The CLARIN Café on Text and Data Mining (TDM) Exceptions in the Directive on Copyright in the Digital Single Market (DSM Directive) took place via Zoom on 28th October 2021 and was organized by the CLARIN Legal and Ethical Issues Committee (CLIC). It was attended by 25 participants, including language researchers and legal experts from both CLARIN institutions and the private sector. The aim of the event was to discuss the recent reform of EU copyright law, and its impact on language resources and language technology in selected EU Member States. It featured presentations by Paweł Kamocki, chair of CLIC and legal expert from IDS Mannheim, and Jan Hajič, professor of computational linguistics and experienced language data manager from Charles University Prague. Three members of CLIC: Walter Scholger (Austria), Giuseppe Versaci (Italy) and Mateja Jemec Tomazin (Slovenia) also provided brief contributions about the situation in their countries. The event was moderated by Vanessa Hannesschläger, vice chair of CLIC.

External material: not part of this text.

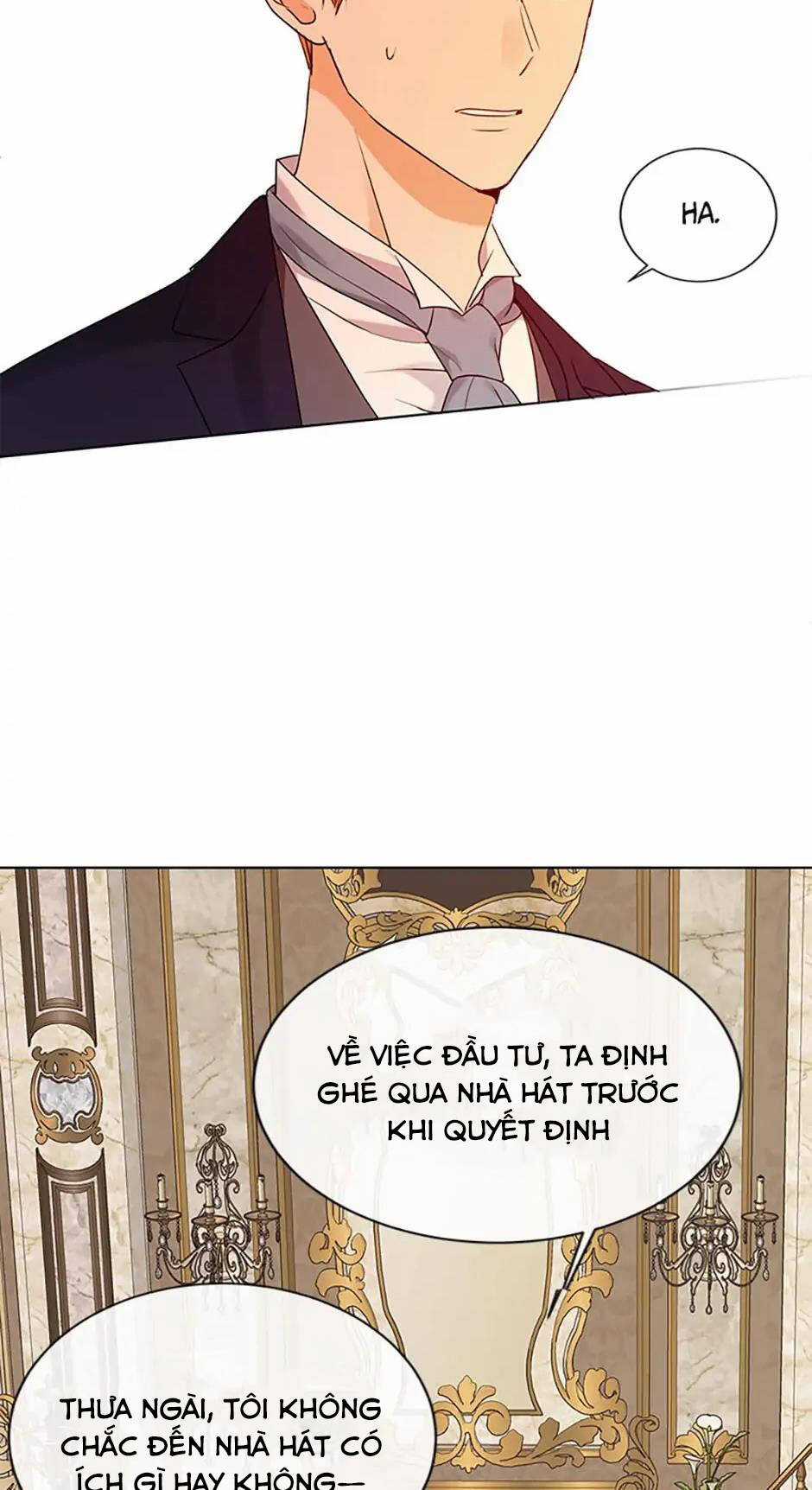 Người Không Mời Mà Đến - Chapter 39 - Trang 61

The DSM Directive and its Exceptions
The DSM Directive was adopted in 2019, and its transposition deadline was 7 June 2021; many EU Member States are still in the process of transposing it. The text contains two exceptions from copyright and related rights for TDM. The first one, in Article 3, addresses TDM for research purposes (for research organisations and cultural heritage institutions only); the second one, in Article 4, is of general nature (covering also, e.g., TDM for commercial purposes). In both cases, TDM is defined broadly enough to cover most - if not all - applications.
In the first presentation, Paweł Kamocki described the events that led to the adoption of the TDM exceptions, and provided a detailed analysis of their content. The DSM Directive was presented as part of EU Acquis, which is not meant to replace the 2001 InfoSoc Directive (and the general research exception it contains), but complement it.
The second presentation (originally to be given by Aleksei Kelli, who was unfortunately unable to participate in the Café and was replaced by Paweł Kamocki) discussed the transposition of the TDM exceptions, and the specific challenges that national legislators have to face, mostly related to the conditions in which copies made in the process of TDM (so, for example, language corpora) can be stored and shared. Three members of CLIC (Walter Scholger, Giuseppe Versaci and Mateja Jemec Tomazin) intervened to present the ongoing debates in their countries; then, Paweł Kamocki took the floor again to present the German transposition.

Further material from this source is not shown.